> **TRY IT**: The lines wanted are those in the data below that include "Academic".

> **DATA RECORDS**:

----------------

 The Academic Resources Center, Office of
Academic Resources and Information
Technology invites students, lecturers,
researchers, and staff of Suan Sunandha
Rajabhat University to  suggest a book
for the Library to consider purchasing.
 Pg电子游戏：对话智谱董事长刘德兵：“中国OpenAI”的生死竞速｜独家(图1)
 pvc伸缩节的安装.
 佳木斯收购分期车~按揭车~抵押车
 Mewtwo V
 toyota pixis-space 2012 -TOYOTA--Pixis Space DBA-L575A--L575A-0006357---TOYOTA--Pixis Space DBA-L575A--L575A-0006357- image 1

----------------

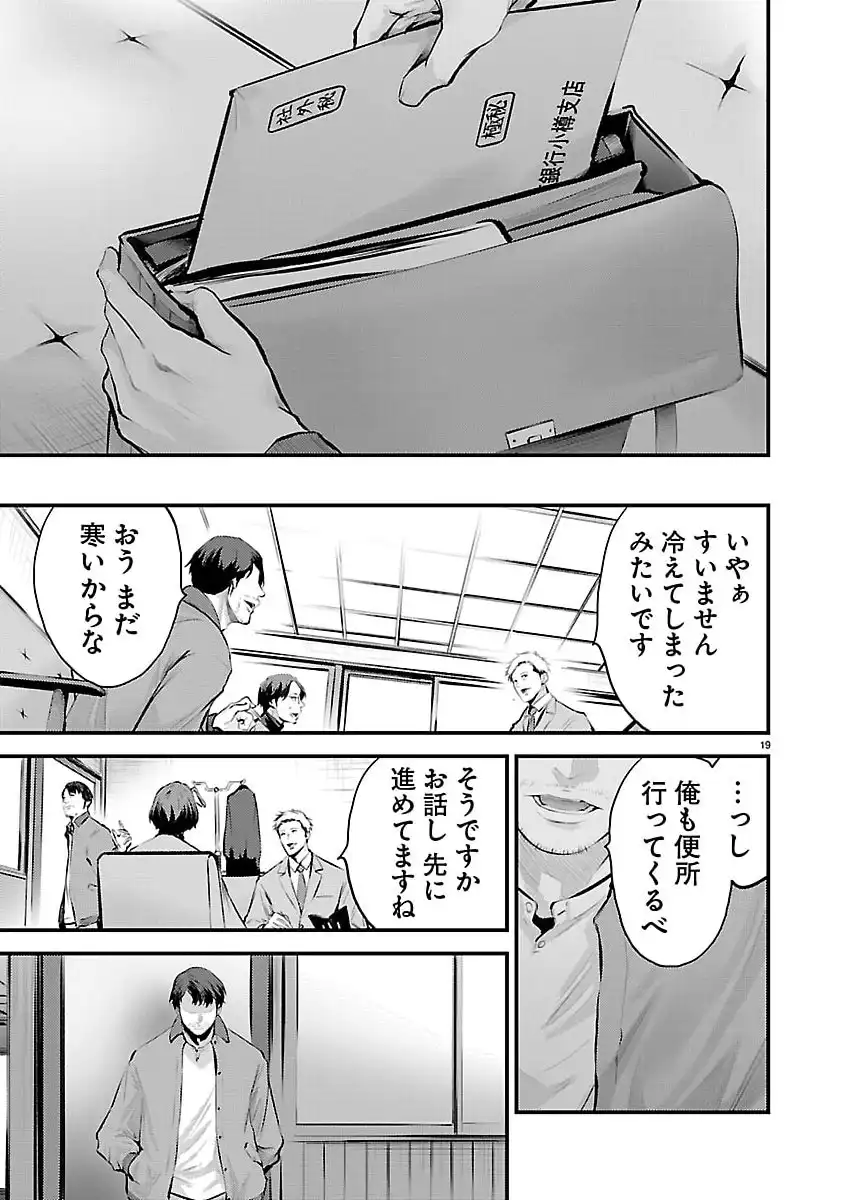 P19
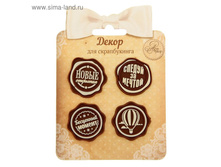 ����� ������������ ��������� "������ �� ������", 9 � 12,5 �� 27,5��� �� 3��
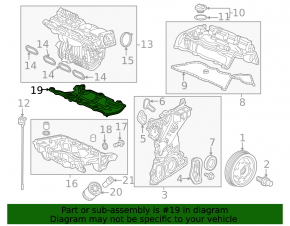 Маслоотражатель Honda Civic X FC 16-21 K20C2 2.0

----------------

> **ANSWER TO THE EXERCISE**:
 The Academic Resources Center, Office of
Academic Resources and Information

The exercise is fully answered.